**Captioned web image data**
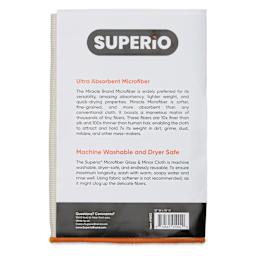 Superio Microfiber Cloths - Light Gray, 14" x 16", Pkg of 2, back of packaging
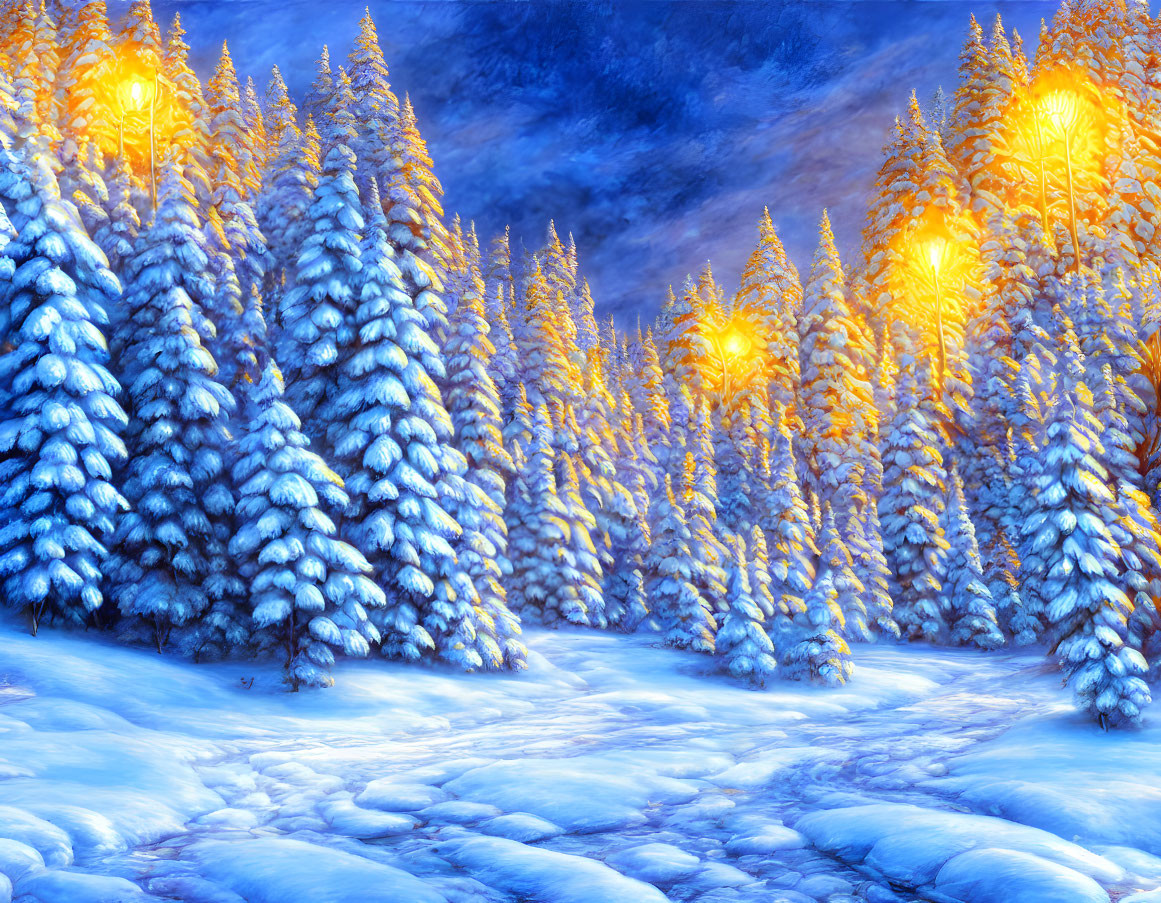 Snow-covered pine trees and glowing lights in twilight winter scene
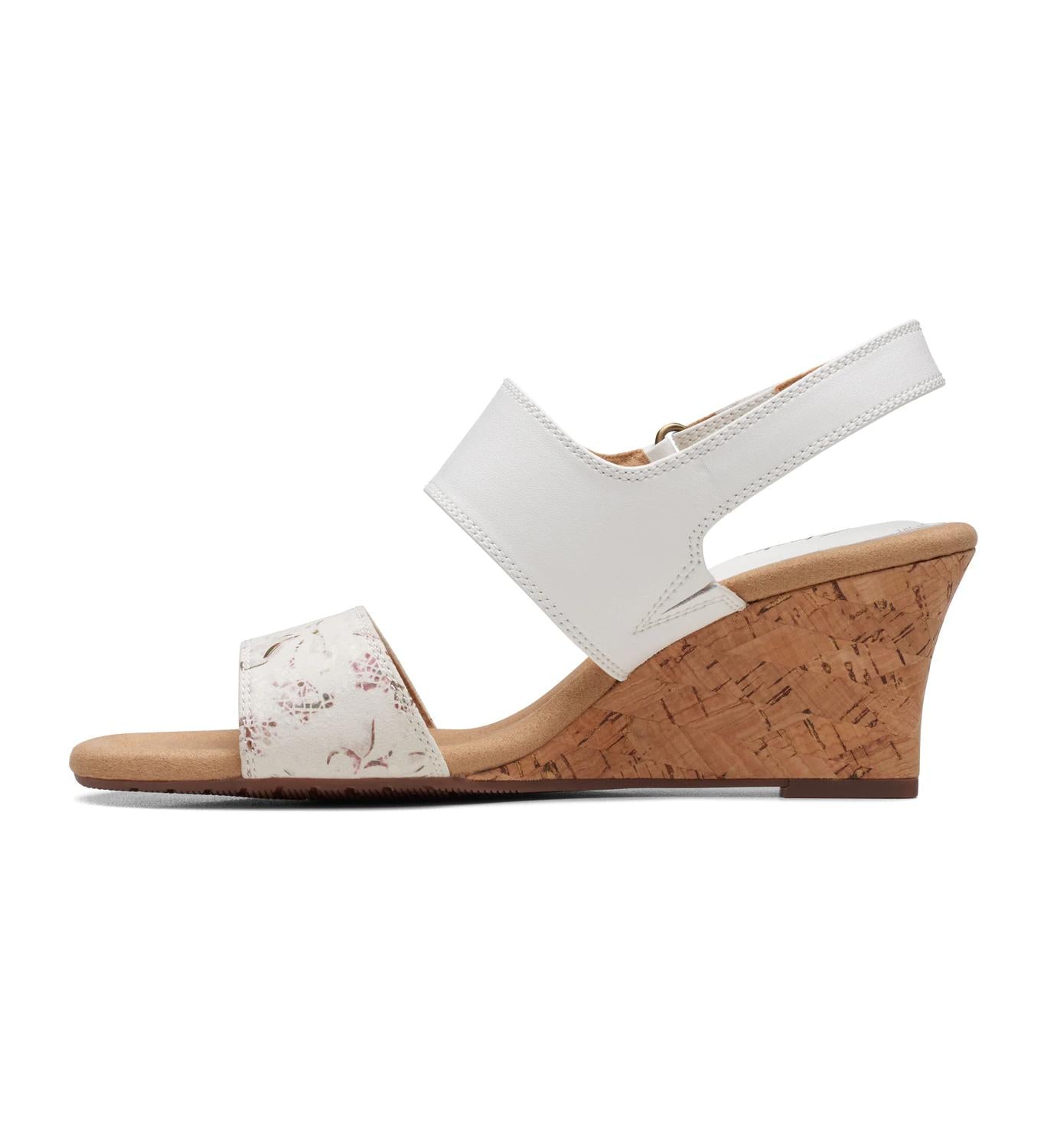 Clarks Women's Kyarra Faye Wedge Sandal in white leather - women's sandal - alternate view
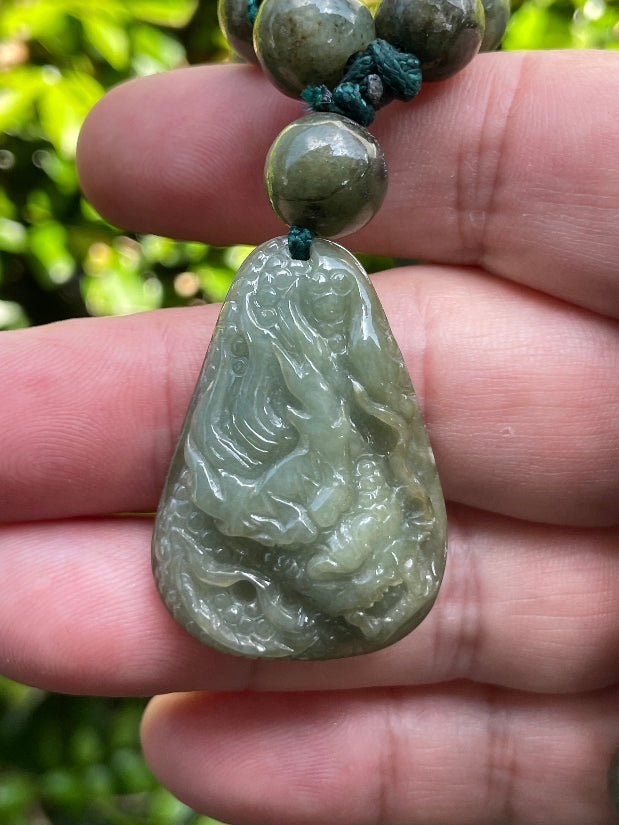 Certified Green Jade Feng Shui Dragon Necklace for Protection
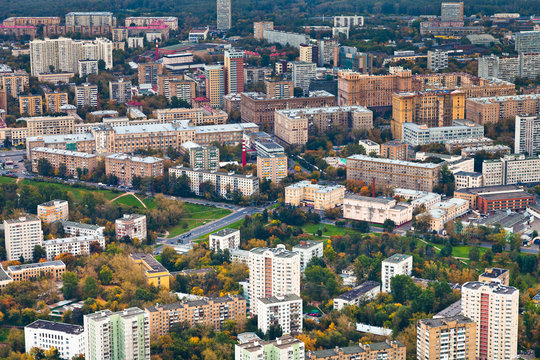 modern urban residential district in autumn afternoon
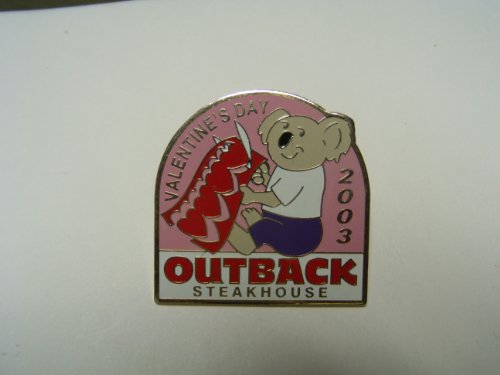 Outback Steakhouse Valentines 2003, Koala Trimming Hearts Lapel Pin
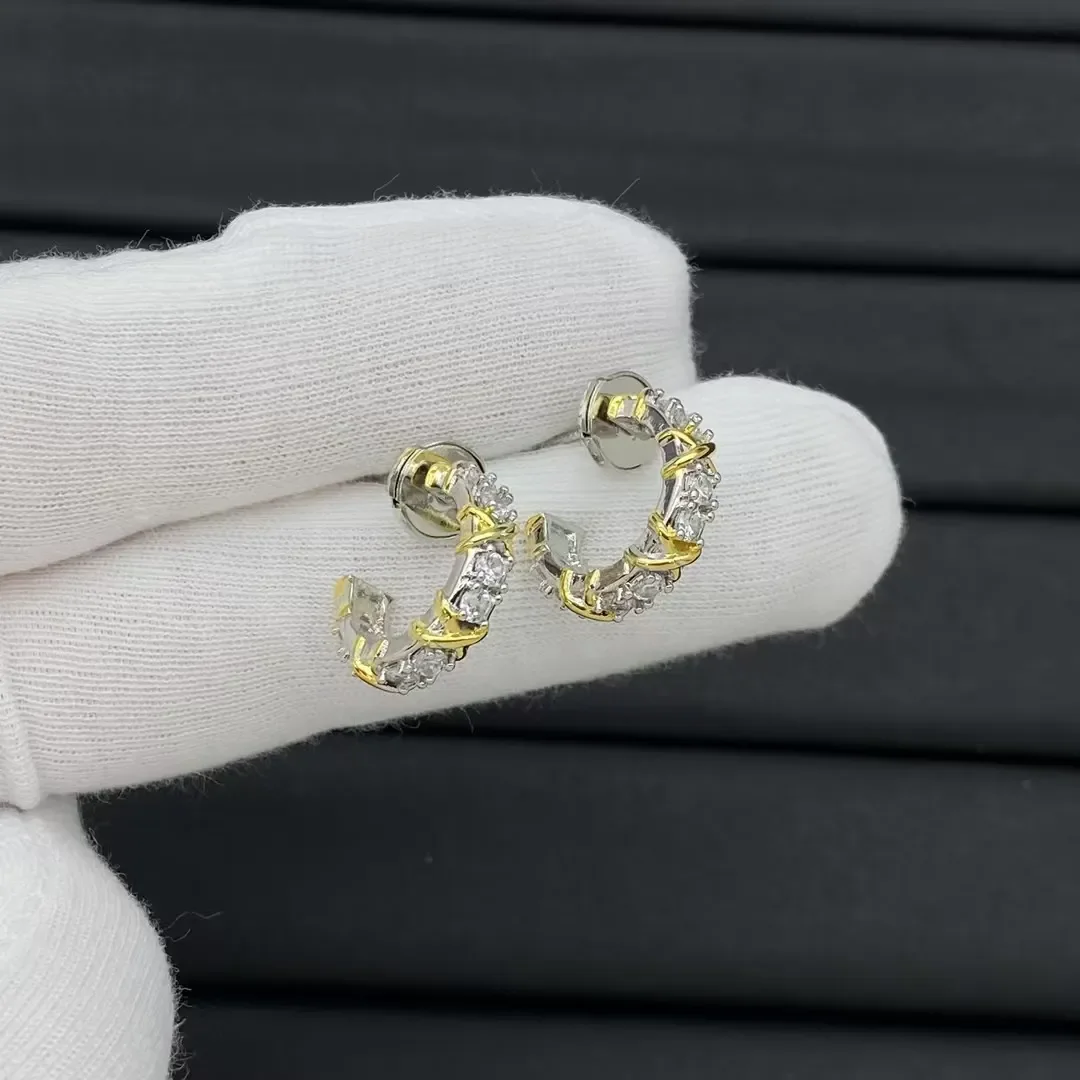 Tiffany & Co. Edge Cross Pavé-Effect Hoop Earrings Two-Tone product view 1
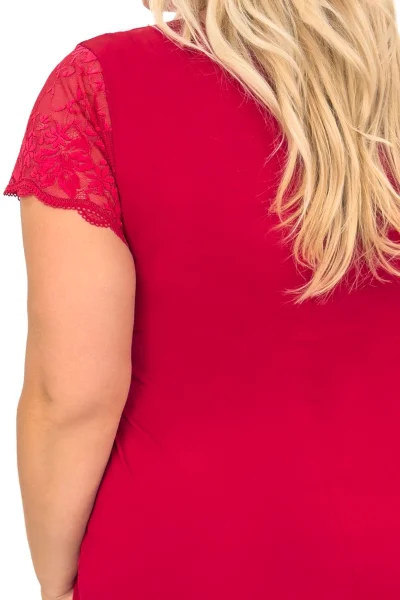 Noční košilka Sonia - plus size až do 6XL - Bordó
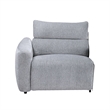 Falo Modular Power Motion Left Recliner Chair- Foam Light Gray Chenille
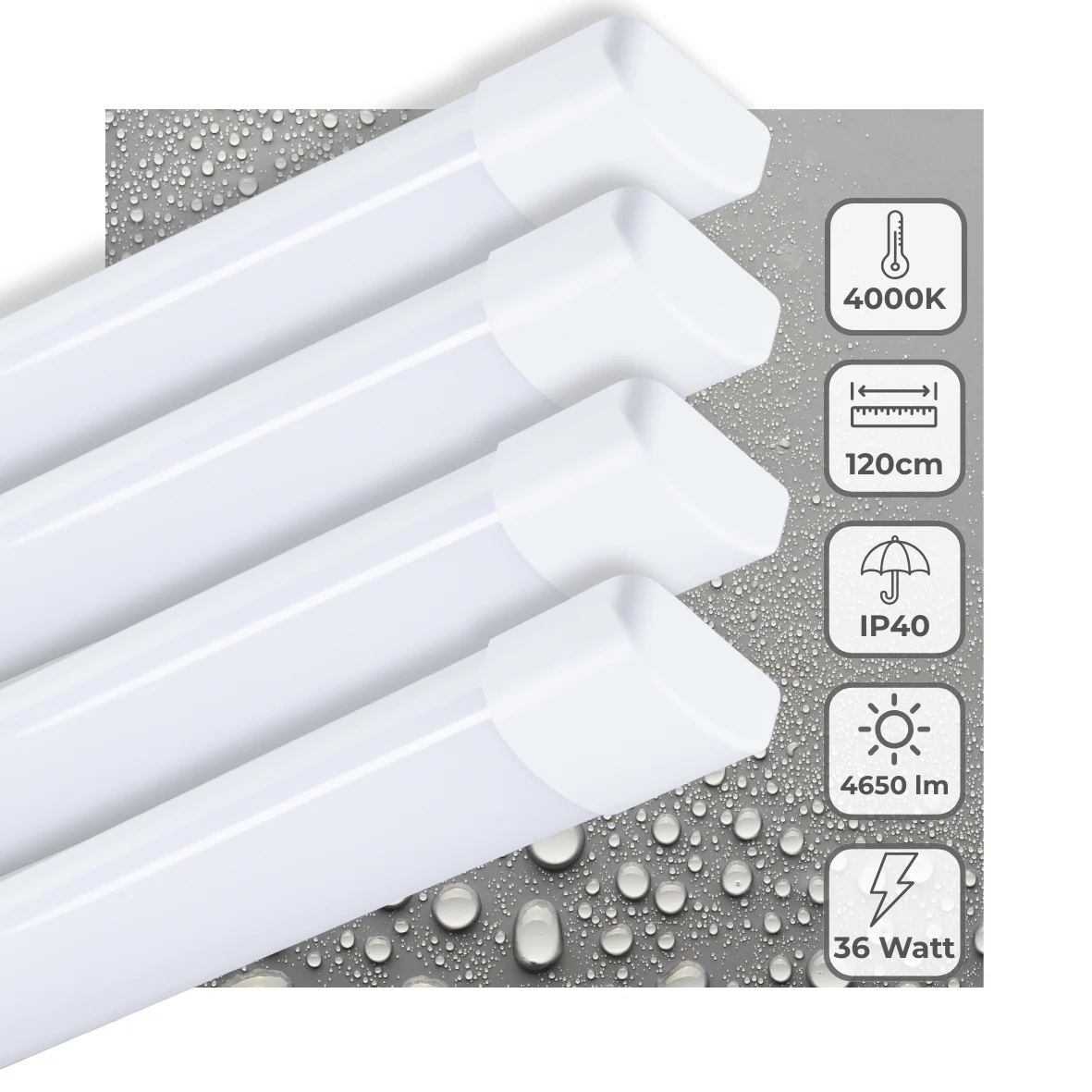 4 PACK LED's Light LED TL lamp 120 cm voor binnen - Complete LED TL verlichting - 4650 lm - Image 2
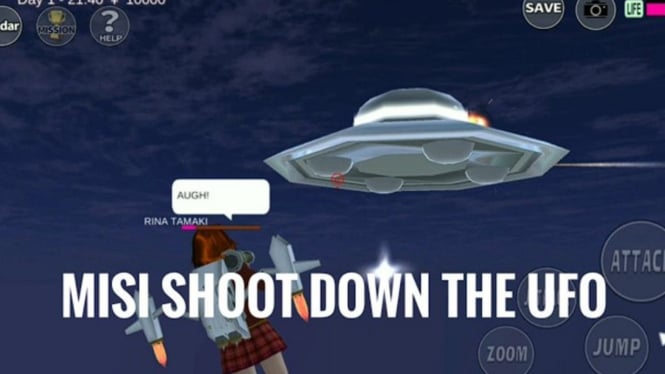 Cara Menyelesaikan Misi Shoot Down the UFO di Sakura School Simulator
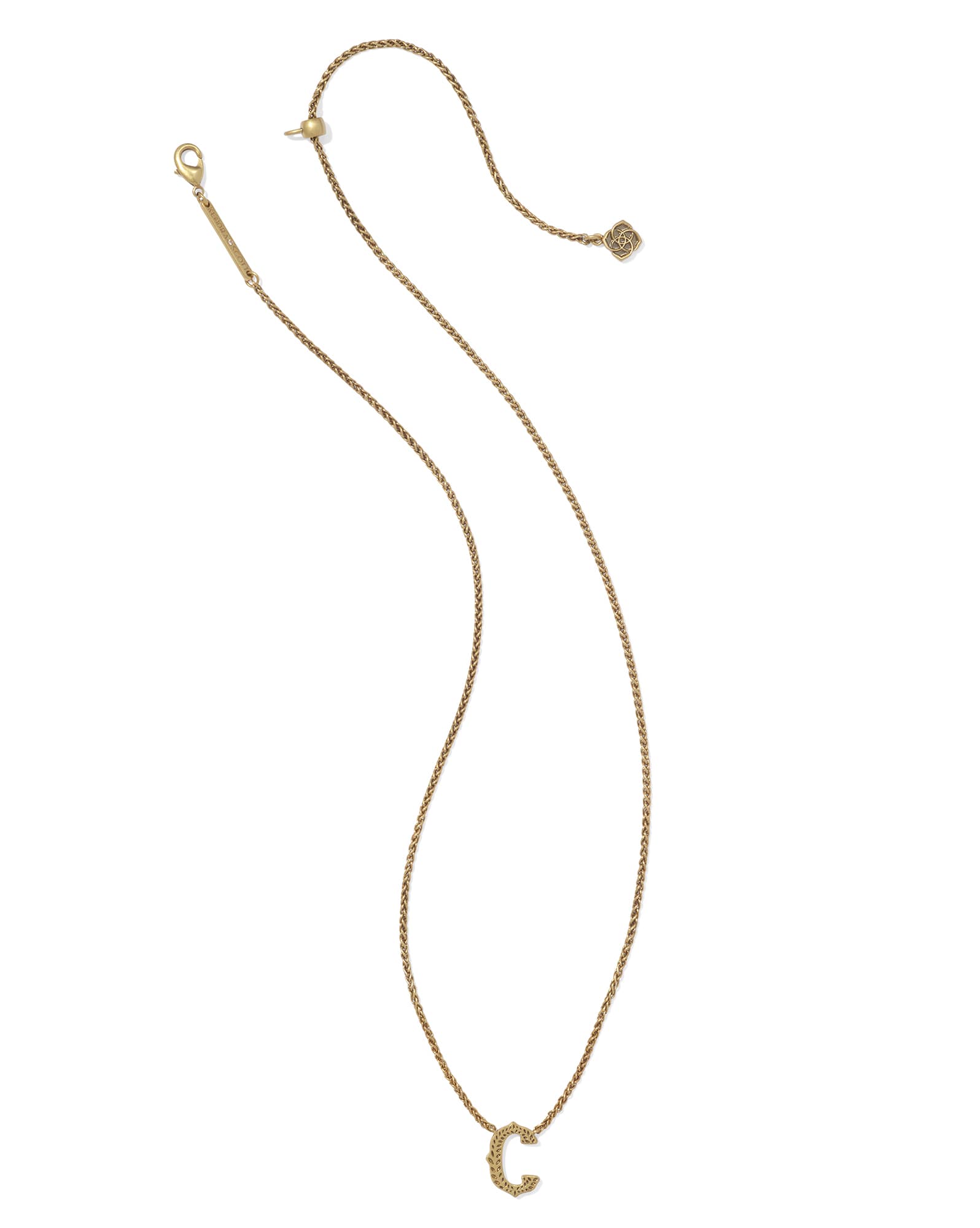 Beau Letter C Pendant Necklace in Vintage Gold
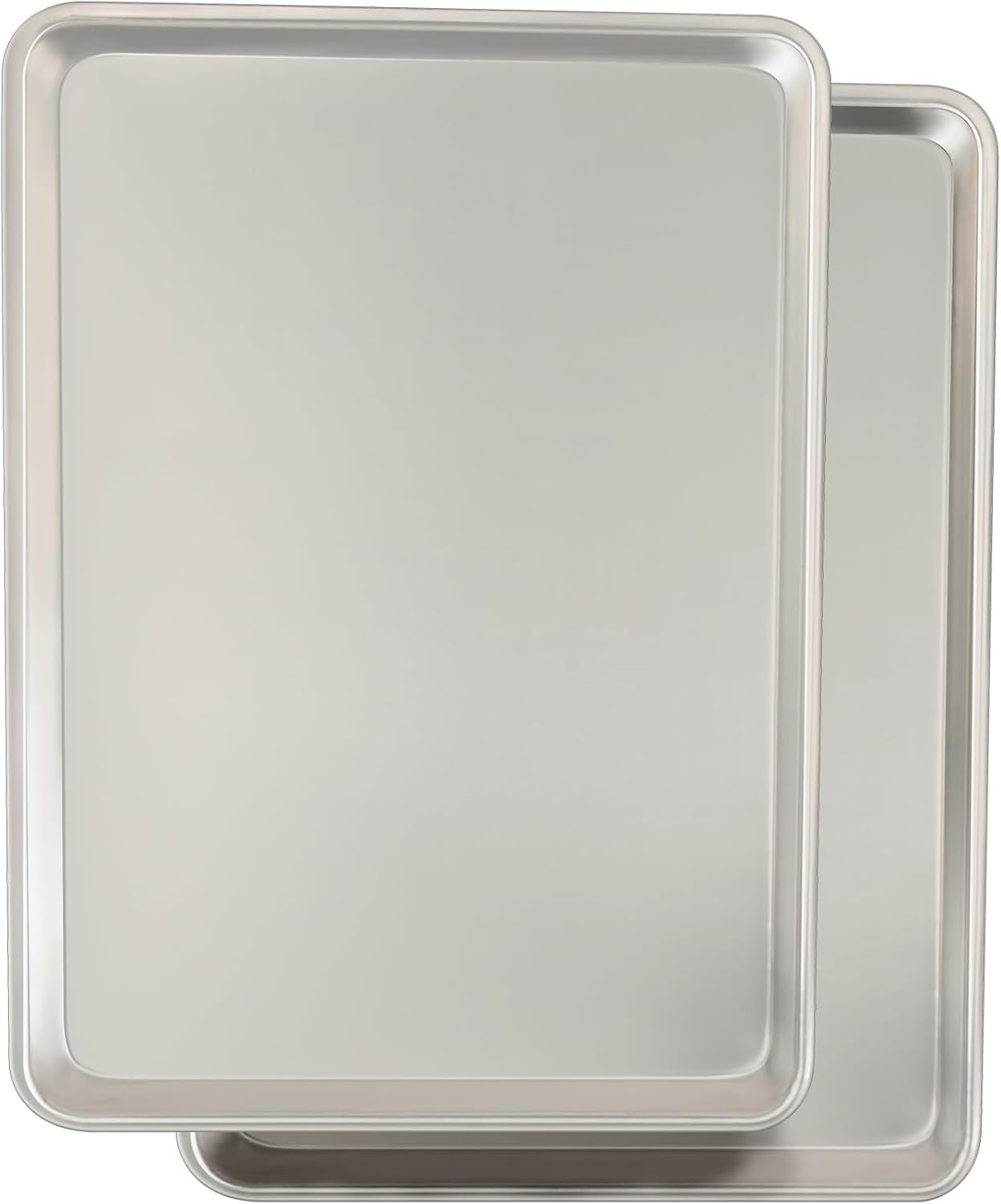 Commercial Quality Baking Sheet Pan Set, Natural Aluminum Cookie Sheet, Warp Resistant Nonstick Baker's Half Sheet Pan, Large Thick Cookie Tray Pans for Baking, Roasting(2 Pack, 18X13Inch)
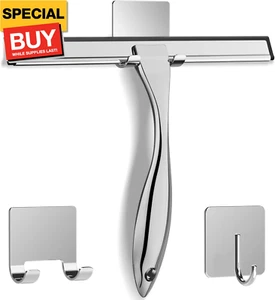 All-Purpose Stainless Steel Shower Squeegee for Shower Glass Door with 2 Adhesiv - Picture 1 of 7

**What is expected**
Give back exactly, and solely, the section of the data above bounded by the line containing "Falo Modular Power" and the line containing "Beau Letter C", both bounding lines included and pictures omitted.

**Task output**
 Falo Modular Power Motion Left Recliner Chair- Foam Light Gray Chenille
 4 PACK LED's Light LED TL lamp 120 cm voor binnen - Complete LED TL verlichting - 4650 lm - Image 2
 Cara Menyelesaikan Misi Shoot Down the UFO di Sakura School Simulator
 Beau Letter C Pendant Necklace in Vintage Gold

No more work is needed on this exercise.